加えて、製紙はガスや電気を大量に消費しているため、このエネルギーは製品の30%を占めているとのこと。
ロシアのガスが禁輸された場合、状況はさらに悪化する可能性があり、十分なエネルギーがなければ、一部の工場は操業停止に追い込まれる可能性さえあると言います。
製紙業界といえば、トイレットペーパーだけではなく、9月からの新学期に備えてのノート類や、現在、アマゾンなどの配送に使われている大量の段ボールなどもあります。
少し前までは、環境問題(廃棄物問題)から、プラスチック包装は禁止されたり、プラスチックのストローではなく紙のストローなどに移行し始めたばかりです。むしろ、「紙ならばエコ」くらいに感じていたのも、この製造過程を考えれば、そこまでエコでもないのかもしれません。
ウクライナの小麦やオイルなどが輸出できない状態やロシアへの経済制裁から、食糧危機だと言っていますが、この全ての価格が上昇する経済危機は、止まらないようです。
食糧危機に関しては、昨日、ウクライナでの戦争以来、初めてウクライナ産のトウモロコシがスペイン北西部の港に到着したそうです。ロシアが封鎖している黒海での航路を回避するための新しい海上航路を見出し、成功したことでこれからのウクライナからの海上輸出航路として期待されています。
これも、ロシア上空を飛べない飛行機が迂回航路を使っているようなもので、ますます輸送費が加算されそうな気がしますが、食糧難回避のためとなれば、それも致し方ないのかもしれません。
今回運ばれたトウモロコシなどは飼料用のトウモロコシだそうで、この高価そうなトウモロコシを食べたブタなどの値段がさらにまた、高騰しそうです。
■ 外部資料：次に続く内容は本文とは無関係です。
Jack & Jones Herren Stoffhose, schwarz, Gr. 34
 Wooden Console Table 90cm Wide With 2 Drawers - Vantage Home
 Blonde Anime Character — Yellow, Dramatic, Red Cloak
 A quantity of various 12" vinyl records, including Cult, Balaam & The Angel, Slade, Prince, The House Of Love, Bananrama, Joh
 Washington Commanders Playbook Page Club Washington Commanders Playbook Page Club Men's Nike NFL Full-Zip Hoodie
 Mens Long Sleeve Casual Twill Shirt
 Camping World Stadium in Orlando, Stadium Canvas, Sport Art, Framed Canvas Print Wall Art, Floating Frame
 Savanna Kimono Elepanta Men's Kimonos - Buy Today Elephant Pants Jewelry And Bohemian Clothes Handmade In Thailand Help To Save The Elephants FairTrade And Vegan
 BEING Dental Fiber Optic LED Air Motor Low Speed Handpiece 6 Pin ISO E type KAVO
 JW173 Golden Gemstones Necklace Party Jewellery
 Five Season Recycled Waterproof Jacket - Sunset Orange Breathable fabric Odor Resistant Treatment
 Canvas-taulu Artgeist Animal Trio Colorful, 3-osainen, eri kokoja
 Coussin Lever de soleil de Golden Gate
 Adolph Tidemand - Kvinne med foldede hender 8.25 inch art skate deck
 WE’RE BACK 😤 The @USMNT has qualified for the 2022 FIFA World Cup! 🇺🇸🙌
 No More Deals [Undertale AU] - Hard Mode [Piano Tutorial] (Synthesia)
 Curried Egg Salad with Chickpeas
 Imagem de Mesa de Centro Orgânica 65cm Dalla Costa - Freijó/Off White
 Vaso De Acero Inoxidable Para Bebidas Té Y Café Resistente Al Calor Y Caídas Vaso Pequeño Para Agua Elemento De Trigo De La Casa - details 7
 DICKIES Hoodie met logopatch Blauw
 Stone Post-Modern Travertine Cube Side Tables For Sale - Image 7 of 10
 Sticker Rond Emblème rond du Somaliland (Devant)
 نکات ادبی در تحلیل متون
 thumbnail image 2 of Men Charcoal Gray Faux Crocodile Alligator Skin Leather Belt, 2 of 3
フランスはこれまで輸入していたひまわりオイルなどを自分で生産しようと、ひまわりなどの栽培にも手を広げ始めたと言われていますが、今度は異常気象で、フランスは今週も猛暑(今週はまだ6月だというのに軒並み30℃超え、パリでさえ、今週末は38℃まで気温が上昇すると言われています)、雨が降らなければ、農作物も育たないというもうにっちもさっちもいかない状態です。